Begin in mountain pose (tadasana). Step your feet about 4 feet apart (maybe more if you are long legged), while lifting your arms straight out to your sides, palms down. Rotate the right foot 90 degrees while bending the leg so that it eventually assumes a 90 degree angle as well. The back leg will remain straight with pressure on the outside half of the foot, as the weight of the body moves forward over the front leg. This is your balance point — so don’t move past 90 degrees with your front knee bend and don’t relieve the pressure on the outer half of your back foot and smallest toes.
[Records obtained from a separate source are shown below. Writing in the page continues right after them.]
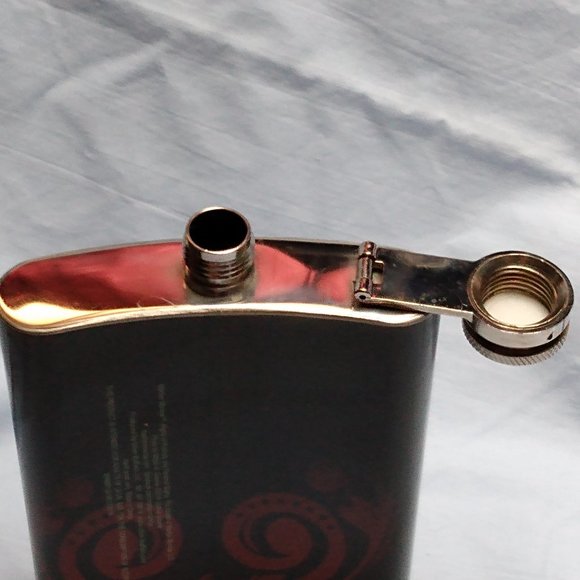 Marilyn Monroe Stainless Steel Flask - Picture 4 of 5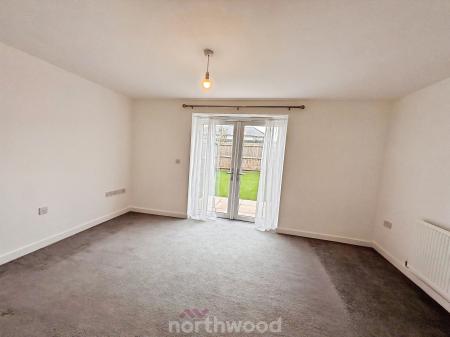 2 bedroom Terraced House to let in Thompson Avenue, Edlington, Doncaster, DN12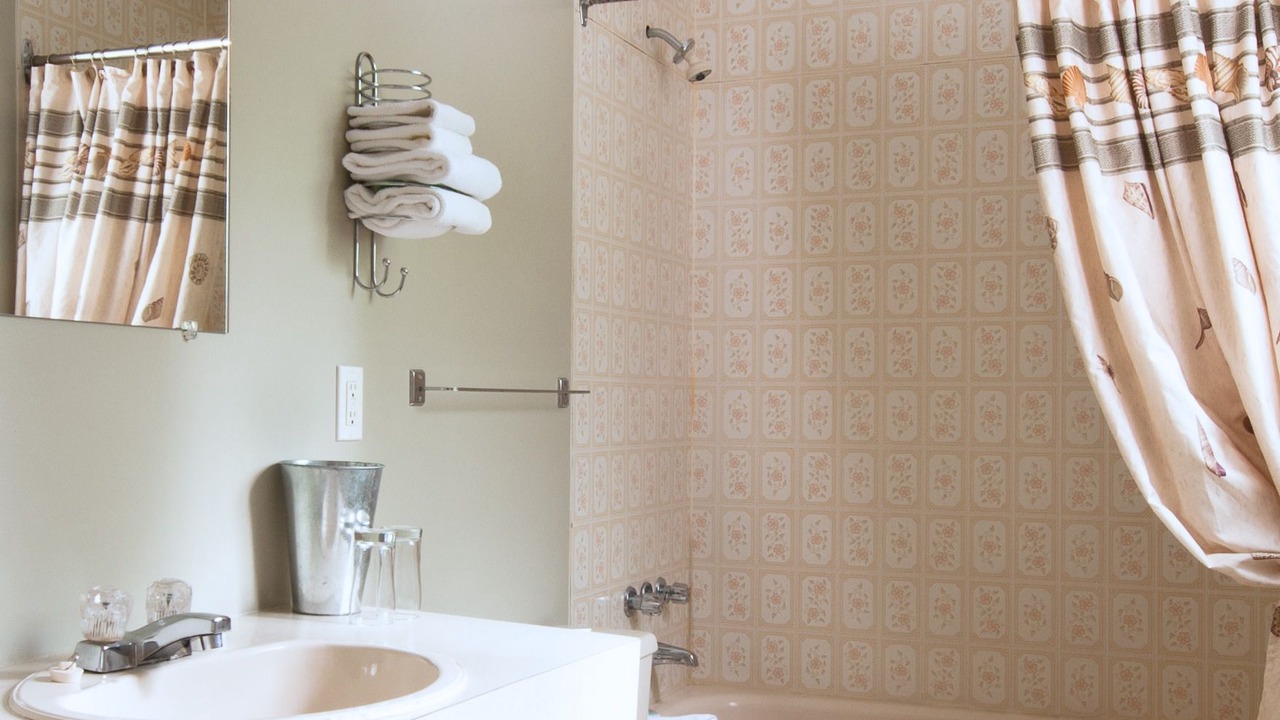 Photo of Bathroom in Heriot Bay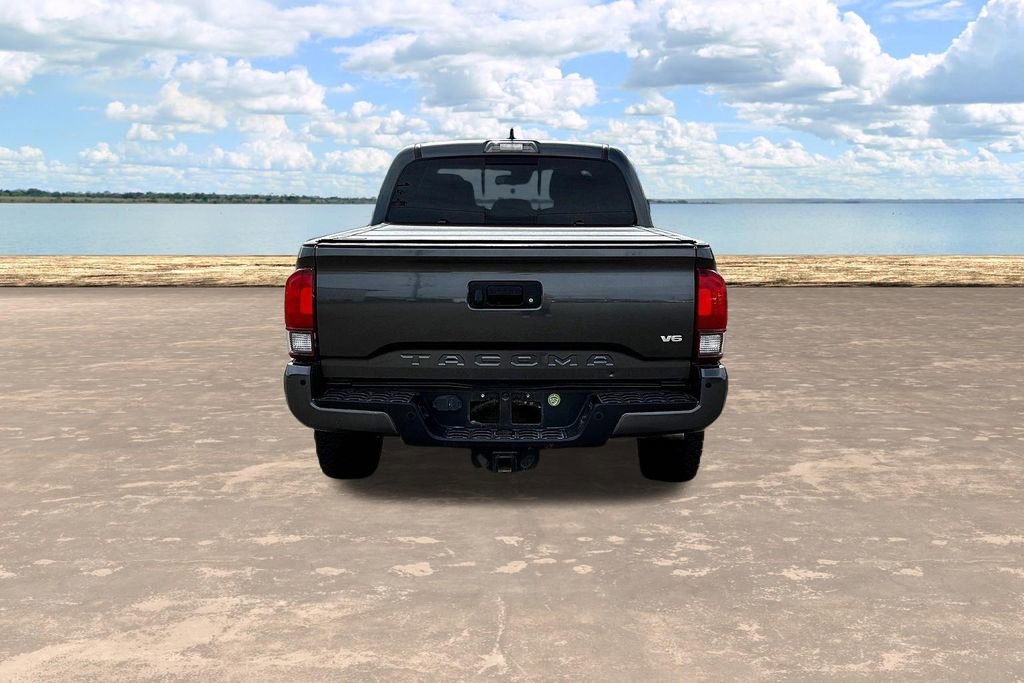 Used 2019 Toyota Tacoma TRD Off-Road w/ Technology Package image 12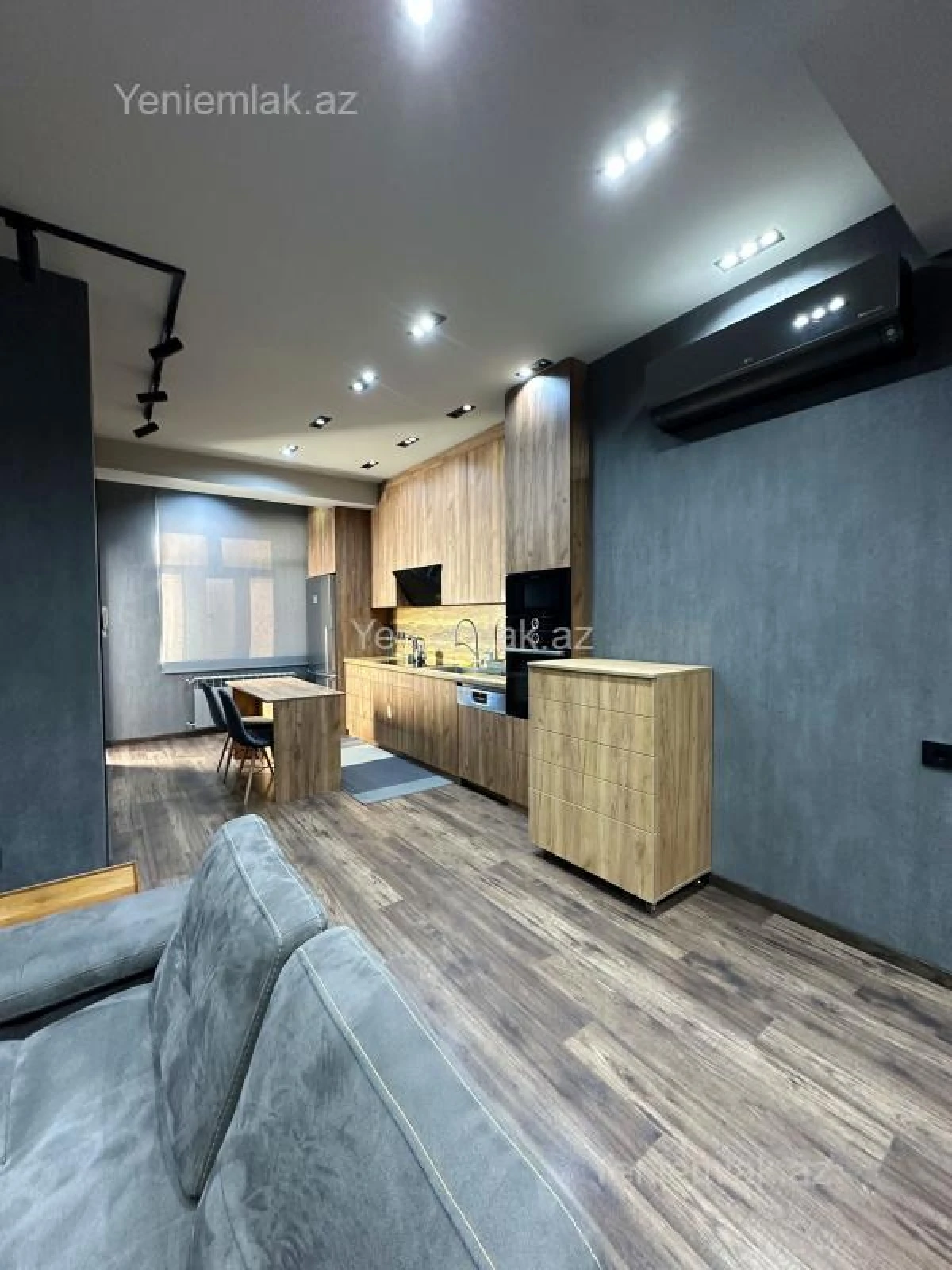 Satılır 4 otaqlı yeni tikili 150 m²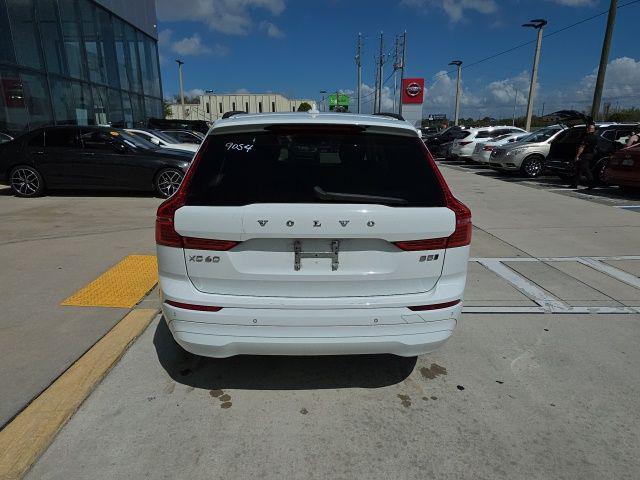 Volvo XC60 2022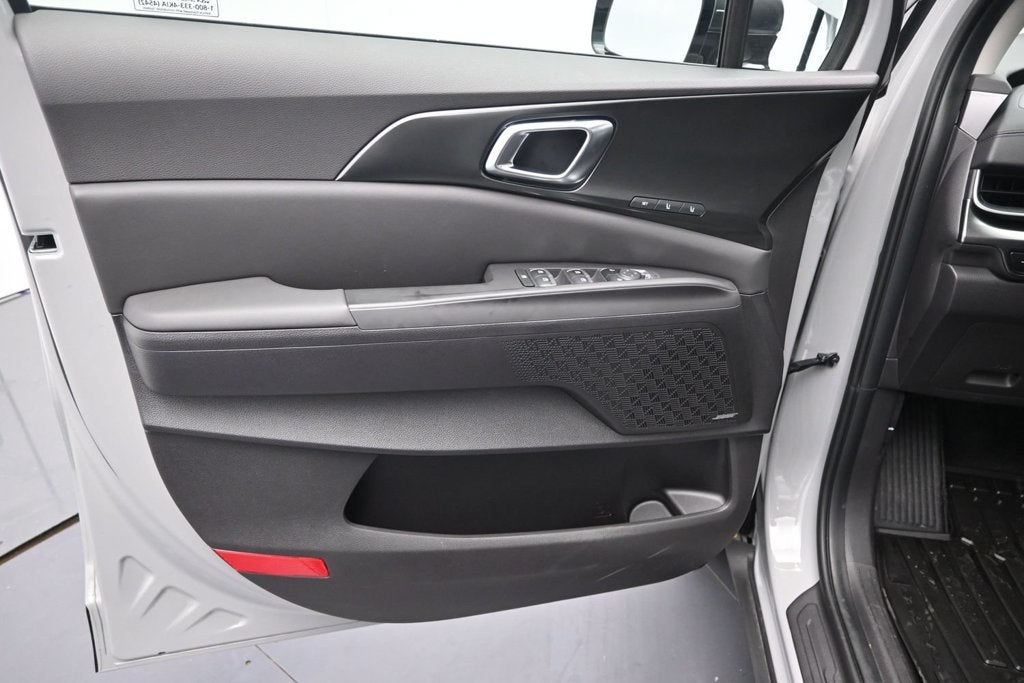 2027 Kia Carnival Hybrid SX Prestige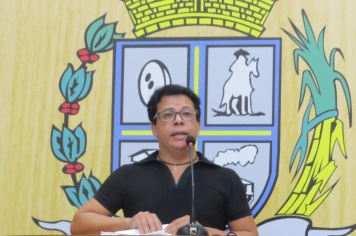 Prof. Geraldo instalação de um poste de iluminação no final da Rua Jacir Antônio Rossi no Cj. José Carlos Barrichello.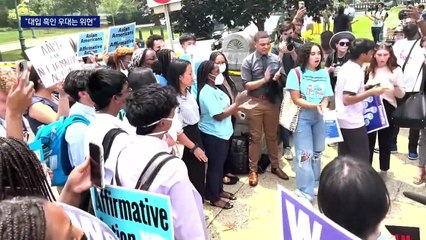“대입 흑인 우대는 위헌”…웃는 한인 학생들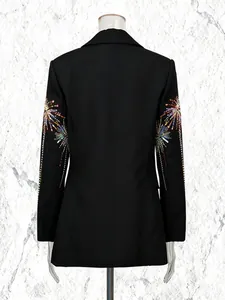 Blazer noir élégant avec broderie de paillettes de feu d'artifice colorées sur les manches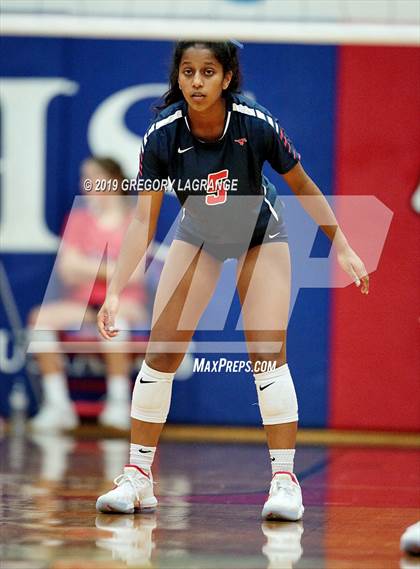 Thumbnail 3 in Liberty vs Grapevine photogallery.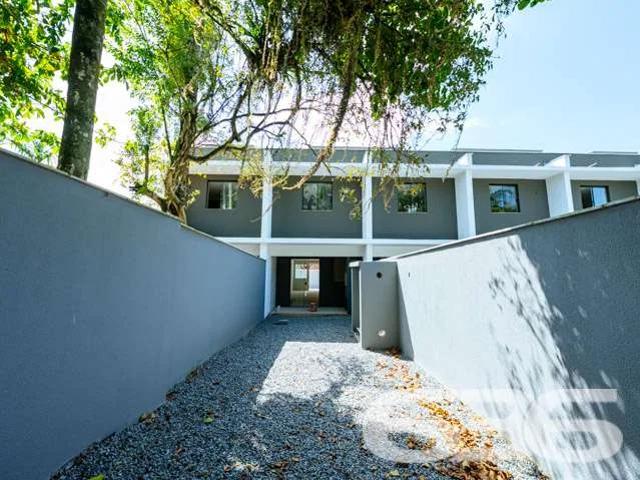 Casa / Sobrado para Venda em Joinville/SC Itaum 3 Quartos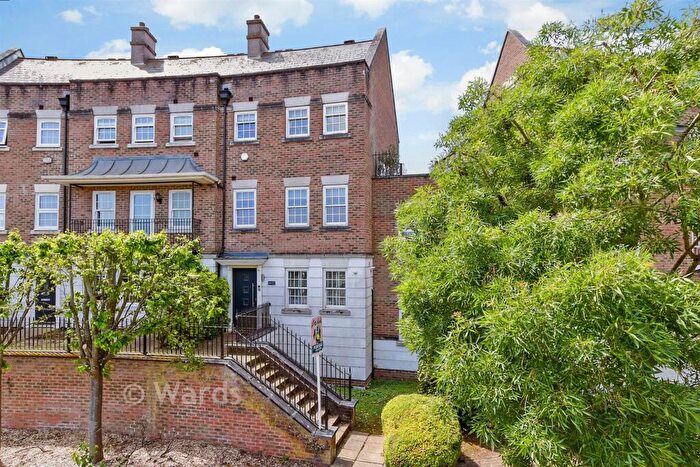3 Bedroom Town House For Sale In Tower View, Kings Hill, Kent, ME19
Now, the right hand will move to the floor, stopping palm down on the floor or on a block beside your foot. The right arm is along side the calf on the right leg. The left arm stretches over the head — which is turned upward so your gaze looks beyond the left arm towards the sky. Your back left leg and your stretched out left arm will form one long 45 degree plane. Hold long enough to concentrate on a few full breaths, breathing gently through areas of stress and strain. Repeat on the opposite side.